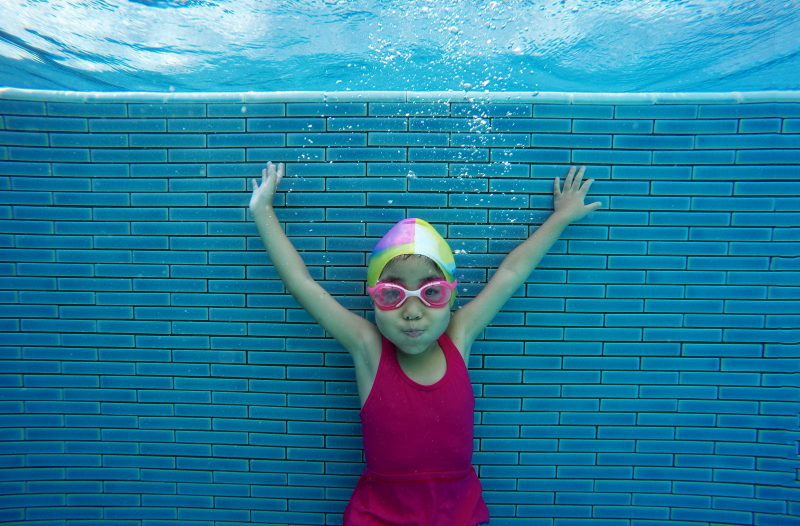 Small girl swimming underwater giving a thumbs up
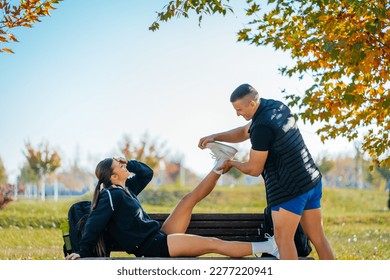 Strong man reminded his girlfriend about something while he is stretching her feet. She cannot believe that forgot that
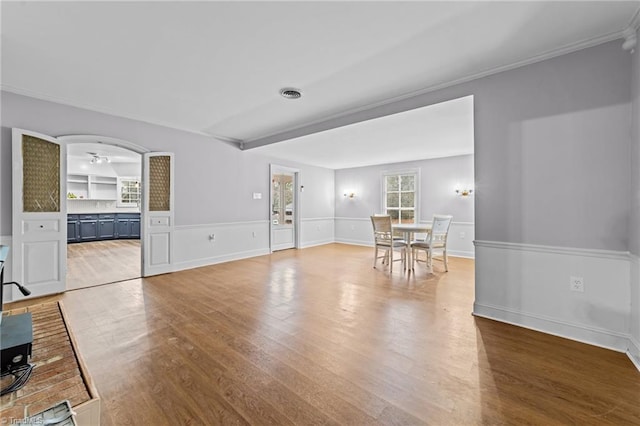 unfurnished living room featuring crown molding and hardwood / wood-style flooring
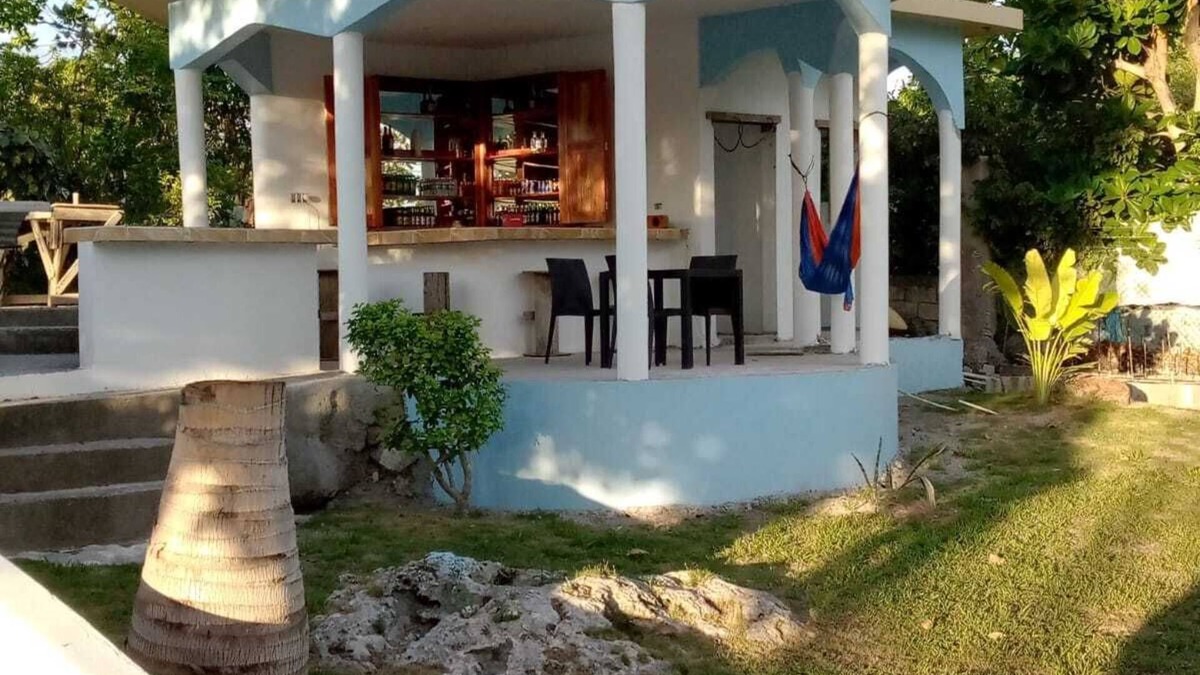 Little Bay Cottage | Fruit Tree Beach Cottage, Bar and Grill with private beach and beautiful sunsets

● ● ● ● ● ● ●

• [Instructions to follow]
Write out again every line above exactly as given; the pictures do not belong in the copy.

• [Task solution]
 Small girl swimming underwater giving a thumbs up
 Strong man reminded his girlfriend about something while he is stretching her feet. She cannot believe that forgot that
 unfurnished living room featuring crown molding and hardwood / wood-style flooring
 Little Bay Cottage | Fruit Tree Beach Cottage, Bar and Grill with private beach and beautiful sunsets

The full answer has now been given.